SEATTLE — A divided Washington Supreme Court on Thursday approved a registered sex offender's application to become an attorney in the state -- though the man says he's not sure he'll wind up practicing law after all.
Zachary Leroy Stevens, 35, has been living in Arizona, where he attended law school and worked for a lawyer who represents American Indian tribes. He grew up in Utah, where he was convicted of voyeurism after sending child pornography to an undercover detective in 2006 at age 19 and where several years later he was arrested for drunken driving while on probation.
In a 5-4 decision, the court noted his relative youth at the time of his offenses, that he wasn't much older than the people whose images he shared, and said he had since demonstrated the "good moral character" necessary to be allowed to practice law. Stevens was previously refused admission to the Arizona bar but said he would move to Washington state, where his wife had connections, if his application there was approved.
"Like all of us, Stevens is more than the sum of the worst moments of his life," Justice Mary Yu wrote for the majority. "As an adult, he has abstained from engaging in any unlawful conduct since 2013. In that time, he has graduated from college and law school, he has been steadily employed, and he has developed a supportive network of friends and family."
The dissenting justices, led by Justice Barbara Madsen, said they were concerned that Stevens had not completed his legal obligations -- he must continue to register as a sex offender until 2024 at least; that he had not provided a current mental health evaluation; and that the Arizona bar had rejected his application, a factor that Washington should respect, they said.

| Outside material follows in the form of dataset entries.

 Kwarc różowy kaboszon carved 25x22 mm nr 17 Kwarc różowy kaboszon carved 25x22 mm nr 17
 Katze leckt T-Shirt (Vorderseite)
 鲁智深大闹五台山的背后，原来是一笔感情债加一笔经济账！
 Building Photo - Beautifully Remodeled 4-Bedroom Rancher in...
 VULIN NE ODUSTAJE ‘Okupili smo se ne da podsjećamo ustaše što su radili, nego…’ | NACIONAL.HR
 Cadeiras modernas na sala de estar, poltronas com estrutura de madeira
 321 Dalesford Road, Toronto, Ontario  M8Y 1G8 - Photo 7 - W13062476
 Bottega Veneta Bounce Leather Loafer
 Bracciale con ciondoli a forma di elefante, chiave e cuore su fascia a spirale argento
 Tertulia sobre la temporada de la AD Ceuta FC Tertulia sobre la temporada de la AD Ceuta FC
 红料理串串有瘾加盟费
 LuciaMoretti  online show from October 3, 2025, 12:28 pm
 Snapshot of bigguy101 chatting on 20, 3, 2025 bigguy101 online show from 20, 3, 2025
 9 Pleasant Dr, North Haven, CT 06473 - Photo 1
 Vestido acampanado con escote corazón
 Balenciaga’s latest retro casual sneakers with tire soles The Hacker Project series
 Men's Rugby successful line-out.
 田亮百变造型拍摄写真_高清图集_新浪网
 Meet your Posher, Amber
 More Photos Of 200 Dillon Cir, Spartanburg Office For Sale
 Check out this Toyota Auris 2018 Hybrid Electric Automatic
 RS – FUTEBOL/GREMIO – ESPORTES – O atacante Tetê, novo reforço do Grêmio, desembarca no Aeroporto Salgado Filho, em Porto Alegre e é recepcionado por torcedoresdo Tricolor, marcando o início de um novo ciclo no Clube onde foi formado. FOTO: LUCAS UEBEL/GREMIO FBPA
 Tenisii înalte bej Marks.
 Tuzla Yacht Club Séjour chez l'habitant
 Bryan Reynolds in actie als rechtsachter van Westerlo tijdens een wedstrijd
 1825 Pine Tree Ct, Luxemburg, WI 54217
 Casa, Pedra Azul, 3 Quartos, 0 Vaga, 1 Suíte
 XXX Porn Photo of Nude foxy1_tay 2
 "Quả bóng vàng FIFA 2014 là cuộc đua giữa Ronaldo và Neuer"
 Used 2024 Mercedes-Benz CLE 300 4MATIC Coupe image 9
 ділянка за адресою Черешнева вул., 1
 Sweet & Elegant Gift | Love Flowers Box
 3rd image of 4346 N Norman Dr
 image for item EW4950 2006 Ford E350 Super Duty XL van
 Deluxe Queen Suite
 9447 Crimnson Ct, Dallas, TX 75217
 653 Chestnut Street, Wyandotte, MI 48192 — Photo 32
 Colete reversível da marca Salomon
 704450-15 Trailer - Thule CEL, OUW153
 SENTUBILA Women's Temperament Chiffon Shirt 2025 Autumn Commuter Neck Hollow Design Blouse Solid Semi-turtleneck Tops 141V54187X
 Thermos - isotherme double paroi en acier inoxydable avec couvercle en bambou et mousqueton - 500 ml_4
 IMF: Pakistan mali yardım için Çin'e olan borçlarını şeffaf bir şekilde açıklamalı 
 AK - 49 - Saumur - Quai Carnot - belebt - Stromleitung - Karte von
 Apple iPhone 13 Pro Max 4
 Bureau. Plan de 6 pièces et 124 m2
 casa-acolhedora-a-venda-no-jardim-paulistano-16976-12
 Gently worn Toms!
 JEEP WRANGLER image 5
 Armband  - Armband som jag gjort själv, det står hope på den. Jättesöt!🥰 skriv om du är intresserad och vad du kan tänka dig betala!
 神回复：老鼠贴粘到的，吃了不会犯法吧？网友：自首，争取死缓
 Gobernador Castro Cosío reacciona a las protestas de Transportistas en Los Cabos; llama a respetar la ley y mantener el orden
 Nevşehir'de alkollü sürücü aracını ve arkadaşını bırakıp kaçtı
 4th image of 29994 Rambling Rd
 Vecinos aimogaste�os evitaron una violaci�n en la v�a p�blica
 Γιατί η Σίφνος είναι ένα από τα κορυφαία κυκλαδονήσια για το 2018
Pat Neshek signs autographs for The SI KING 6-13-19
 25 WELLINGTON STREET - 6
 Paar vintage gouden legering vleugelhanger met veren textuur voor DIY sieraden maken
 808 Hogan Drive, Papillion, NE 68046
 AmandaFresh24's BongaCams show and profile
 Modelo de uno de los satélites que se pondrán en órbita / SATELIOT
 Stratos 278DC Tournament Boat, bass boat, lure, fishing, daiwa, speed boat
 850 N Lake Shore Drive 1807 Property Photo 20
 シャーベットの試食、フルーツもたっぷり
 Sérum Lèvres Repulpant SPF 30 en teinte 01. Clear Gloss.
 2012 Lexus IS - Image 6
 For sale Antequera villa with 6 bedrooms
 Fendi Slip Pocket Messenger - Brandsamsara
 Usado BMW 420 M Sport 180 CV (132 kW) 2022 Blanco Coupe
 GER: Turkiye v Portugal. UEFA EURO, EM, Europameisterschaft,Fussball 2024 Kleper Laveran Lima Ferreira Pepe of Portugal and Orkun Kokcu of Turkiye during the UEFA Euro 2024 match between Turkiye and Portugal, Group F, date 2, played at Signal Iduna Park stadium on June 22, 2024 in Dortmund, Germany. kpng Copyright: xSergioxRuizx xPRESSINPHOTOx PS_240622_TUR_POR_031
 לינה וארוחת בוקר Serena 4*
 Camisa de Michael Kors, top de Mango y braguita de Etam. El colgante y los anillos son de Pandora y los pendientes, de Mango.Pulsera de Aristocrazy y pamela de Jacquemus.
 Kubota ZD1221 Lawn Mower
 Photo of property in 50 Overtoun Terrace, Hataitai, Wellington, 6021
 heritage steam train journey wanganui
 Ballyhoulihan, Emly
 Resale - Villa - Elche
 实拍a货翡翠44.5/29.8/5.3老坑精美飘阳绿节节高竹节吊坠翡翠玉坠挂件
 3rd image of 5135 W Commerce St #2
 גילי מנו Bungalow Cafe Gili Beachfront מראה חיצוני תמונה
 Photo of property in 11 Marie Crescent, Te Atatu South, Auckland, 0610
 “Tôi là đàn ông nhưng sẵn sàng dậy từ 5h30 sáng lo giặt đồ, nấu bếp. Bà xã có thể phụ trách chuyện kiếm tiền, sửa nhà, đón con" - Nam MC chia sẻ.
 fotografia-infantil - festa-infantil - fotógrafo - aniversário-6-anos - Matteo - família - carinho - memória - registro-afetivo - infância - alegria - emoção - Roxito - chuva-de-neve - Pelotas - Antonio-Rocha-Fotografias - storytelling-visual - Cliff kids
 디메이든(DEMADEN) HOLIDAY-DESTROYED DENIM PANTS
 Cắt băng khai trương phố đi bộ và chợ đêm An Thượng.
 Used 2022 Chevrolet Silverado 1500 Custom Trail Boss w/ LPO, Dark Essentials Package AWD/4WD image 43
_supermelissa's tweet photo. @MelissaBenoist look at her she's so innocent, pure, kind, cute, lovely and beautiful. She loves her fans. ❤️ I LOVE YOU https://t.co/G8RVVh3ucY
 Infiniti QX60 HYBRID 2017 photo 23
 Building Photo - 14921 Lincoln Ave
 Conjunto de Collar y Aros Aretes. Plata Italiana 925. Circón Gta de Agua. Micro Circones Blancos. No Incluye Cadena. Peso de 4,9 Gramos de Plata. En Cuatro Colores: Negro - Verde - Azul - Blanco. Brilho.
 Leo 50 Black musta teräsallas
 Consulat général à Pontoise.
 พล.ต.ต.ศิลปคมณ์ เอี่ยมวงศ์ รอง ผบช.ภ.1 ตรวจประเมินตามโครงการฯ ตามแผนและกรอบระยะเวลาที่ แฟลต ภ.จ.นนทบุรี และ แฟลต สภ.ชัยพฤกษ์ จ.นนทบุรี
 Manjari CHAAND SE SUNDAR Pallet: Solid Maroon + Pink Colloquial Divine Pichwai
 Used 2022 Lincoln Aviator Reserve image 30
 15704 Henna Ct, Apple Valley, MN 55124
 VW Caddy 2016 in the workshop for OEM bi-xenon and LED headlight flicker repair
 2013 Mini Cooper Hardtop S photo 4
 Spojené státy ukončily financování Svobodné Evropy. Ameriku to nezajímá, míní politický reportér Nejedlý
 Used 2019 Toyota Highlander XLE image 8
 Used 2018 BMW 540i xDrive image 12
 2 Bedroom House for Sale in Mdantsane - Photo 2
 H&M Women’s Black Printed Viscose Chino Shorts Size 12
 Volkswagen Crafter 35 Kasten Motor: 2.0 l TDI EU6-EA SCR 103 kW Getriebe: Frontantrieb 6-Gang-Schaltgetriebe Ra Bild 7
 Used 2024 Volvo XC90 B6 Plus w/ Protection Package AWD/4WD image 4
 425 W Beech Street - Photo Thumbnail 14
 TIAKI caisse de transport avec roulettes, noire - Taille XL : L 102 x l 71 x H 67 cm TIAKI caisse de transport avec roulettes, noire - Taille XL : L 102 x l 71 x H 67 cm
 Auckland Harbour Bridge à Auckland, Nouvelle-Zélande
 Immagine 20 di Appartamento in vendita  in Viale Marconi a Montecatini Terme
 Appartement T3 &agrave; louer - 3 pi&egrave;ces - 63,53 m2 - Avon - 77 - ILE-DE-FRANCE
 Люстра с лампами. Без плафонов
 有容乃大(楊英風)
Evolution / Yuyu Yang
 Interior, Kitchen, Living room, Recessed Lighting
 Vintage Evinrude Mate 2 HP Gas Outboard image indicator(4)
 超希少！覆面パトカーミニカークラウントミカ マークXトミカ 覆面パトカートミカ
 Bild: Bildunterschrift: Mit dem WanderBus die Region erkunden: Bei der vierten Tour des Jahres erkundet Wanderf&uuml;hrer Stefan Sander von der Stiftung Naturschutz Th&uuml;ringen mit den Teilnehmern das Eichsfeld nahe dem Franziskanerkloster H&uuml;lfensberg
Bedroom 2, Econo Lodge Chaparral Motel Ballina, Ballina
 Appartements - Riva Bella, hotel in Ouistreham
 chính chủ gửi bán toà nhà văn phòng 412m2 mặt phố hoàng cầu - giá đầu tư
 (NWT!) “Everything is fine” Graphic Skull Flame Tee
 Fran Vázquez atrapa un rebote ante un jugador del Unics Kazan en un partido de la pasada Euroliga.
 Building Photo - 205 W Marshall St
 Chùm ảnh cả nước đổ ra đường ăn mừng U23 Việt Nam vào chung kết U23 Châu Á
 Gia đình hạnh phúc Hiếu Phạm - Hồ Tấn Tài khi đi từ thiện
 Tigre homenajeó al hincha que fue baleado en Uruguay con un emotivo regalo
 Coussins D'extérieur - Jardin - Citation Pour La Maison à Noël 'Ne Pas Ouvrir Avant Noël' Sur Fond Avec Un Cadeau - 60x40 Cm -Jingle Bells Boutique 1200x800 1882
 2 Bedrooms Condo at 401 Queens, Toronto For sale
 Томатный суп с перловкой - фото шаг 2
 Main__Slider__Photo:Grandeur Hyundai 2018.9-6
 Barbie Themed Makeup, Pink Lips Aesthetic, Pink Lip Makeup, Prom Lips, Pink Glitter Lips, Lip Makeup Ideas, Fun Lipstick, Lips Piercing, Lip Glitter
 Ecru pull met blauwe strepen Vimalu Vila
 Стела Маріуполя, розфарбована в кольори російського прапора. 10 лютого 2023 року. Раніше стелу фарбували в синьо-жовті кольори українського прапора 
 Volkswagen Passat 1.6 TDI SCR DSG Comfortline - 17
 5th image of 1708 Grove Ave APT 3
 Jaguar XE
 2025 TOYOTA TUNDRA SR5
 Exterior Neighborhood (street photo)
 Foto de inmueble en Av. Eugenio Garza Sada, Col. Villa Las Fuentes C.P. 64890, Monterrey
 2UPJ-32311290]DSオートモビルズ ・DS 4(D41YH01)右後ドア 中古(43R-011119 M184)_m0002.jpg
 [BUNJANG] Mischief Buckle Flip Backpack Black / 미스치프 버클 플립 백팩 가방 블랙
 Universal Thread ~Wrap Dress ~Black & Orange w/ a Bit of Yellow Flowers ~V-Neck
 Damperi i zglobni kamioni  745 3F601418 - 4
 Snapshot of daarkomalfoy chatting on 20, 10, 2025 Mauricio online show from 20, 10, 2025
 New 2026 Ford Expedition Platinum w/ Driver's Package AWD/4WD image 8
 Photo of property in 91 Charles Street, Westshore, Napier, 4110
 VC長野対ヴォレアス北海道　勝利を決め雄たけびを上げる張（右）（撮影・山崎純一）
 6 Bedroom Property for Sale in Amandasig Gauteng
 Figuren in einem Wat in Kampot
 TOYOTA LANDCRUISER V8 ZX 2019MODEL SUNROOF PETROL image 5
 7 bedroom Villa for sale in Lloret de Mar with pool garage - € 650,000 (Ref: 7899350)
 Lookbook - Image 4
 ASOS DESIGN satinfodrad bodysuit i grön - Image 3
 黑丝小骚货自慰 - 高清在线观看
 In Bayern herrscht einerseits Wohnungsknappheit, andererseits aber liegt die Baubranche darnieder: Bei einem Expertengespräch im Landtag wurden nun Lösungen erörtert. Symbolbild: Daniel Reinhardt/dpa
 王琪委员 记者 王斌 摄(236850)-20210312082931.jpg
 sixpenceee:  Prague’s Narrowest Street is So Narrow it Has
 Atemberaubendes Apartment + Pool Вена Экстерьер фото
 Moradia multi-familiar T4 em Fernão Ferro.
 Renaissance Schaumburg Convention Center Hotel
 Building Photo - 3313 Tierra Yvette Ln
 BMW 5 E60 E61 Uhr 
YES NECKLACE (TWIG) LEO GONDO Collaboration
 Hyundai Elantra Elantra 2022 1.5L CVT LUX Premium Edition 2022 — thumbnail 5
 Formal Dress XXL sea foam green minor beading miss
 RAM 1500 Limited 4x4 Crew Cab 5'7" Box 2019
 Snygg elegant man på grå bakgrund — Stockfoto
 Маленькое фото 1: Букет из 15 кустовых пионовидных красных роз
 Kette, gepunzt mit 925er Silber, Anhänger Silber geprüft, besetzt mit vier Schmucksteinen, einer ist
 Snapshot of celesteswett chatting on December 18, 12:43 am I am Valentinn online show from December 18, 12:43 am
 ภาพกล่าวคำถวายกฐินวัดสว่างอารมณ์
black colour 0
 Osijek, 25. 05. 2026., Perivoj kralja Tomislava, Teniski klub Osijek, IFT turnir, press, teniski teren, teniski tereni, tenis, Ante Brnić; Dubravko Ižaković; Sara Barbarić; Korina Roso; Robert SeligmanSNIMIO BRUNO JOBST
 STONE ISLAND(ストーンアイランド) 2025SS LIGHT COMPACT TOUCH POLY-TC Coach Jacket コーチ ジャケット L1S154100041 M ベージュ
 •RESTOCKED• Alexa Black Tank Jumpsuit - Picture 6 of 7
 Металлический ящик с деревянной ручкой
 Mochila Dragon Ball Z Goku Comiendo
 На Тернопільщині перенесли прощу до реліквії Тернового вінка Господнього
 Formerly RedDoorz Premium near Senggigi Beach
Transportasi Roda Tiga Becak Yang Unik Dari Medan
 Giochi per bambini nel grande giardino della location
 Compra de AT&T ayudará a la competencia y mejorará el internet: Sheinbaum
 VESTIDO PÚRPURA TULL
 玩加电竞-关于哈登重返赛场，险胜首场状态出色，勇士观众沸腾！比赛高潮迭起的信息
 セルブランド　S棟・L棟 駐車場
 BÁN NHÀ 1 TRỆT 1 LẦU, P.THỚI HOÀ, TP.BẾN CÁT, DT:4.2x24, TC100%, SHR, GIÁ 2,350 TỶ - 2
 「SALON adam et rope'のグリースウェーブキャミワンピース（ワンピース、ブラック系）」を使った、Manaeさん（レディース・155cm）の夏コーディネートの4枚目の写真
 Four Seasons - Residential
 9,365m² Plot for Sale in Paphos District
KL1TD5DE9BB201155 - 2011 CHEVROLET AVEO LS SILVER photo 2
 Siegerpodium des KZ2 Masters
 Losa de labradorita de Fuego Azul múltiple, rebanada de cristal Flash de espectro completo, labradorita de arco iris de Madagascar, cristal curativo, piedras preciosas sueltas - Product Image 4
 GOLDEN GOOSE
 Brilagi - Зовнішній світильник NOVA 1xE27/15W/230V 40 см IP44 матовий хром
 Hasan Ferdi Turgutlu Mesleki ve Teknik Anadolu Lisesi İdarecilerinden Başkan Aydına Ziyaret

"The fact that Stevens must register as a sex offender until he is eligible to petition for remission is particularly concerning, especially because one of this court's key responsibilities is to guard the public and its confidence in the judicial system," Madsen wrote.
That said, she suggested her analysis might be different once Stevens submitted a current evaluation and was no longer required to register as a sex offender. Under Utah law, sex offenders can petition to have their registration requirements canceled after 10 years.
Stevens applied to become a lawyer in Washington in 2019, after Arizona rejected his application. A Washington State Bar Association committee reviewed his petition and rejected it 6-5. He appealed to the Supreme Court.
In a phone interview Thursday night, he said he cried when he read the decision.
"I've been trying to get admitted to the practice of law for longer than I attended law school," he said.
Stevens said he is now working for the multinational conglomerate Honeywell, where he works on subcontracting for government projects. His plans to move to Washington state have been disrupted because he and his wife have split up, he said.
As for legal work, he noted that he could stay in Phoenix and represent tribes as an attorney on gaming and water rights issues, because he wouldn't need to be a member of the Arizona bar to do so. Or he could move to Washington state anyway, since his brother recently moved to Portland, Oregon.
"I have a lot of options," Stevens said. "The decision was extremely compassionately written, and it affords a lot of people opportunities that just weren't available to them. Even if I don't pursue the practice of law, I'm satisfied this court found merit in my case. More so than any other state, Washington has established parameters on what it takes to be admitted to the practice of law when you have a checkered background."
The Washington Supreme Court has previously allowed people convicted of crimes to become lawyers. In 2014, the court ruled that Shon Hopwood, a convicted bank robber who became a "jailhouse lawyer" could take the state bar exam. Hopwood passed, was admitted to the bar and now teaches at Georgetown University Law Center and has been admitted to the U.S. Supreme Court bar.
He also represented Tarra Simmons, who successfully petitioned the court to take the bar despite convictions for assault and drug and theft charges. In 2020, she became the first formerly incarcerated person elected to the Washington state Legislature, and she now works with the National Justice Impact Bar Association, which helps people with criminal backgrounds become lawyers.
Simmons said Thursday the organization is aware of about 100 attorneys around the country who have been admitted to practice law despite past convictions -- but no others who have ongoing legal obligations such as probation or sex offender registration. She was thrilled for Stevens, but to the extent that criminal history has long been used as a proxy for race, the ruling is about more that just his admission to the bar, she said.
"This is about furthering justice and advancing policies against systemic racism," Simmons said.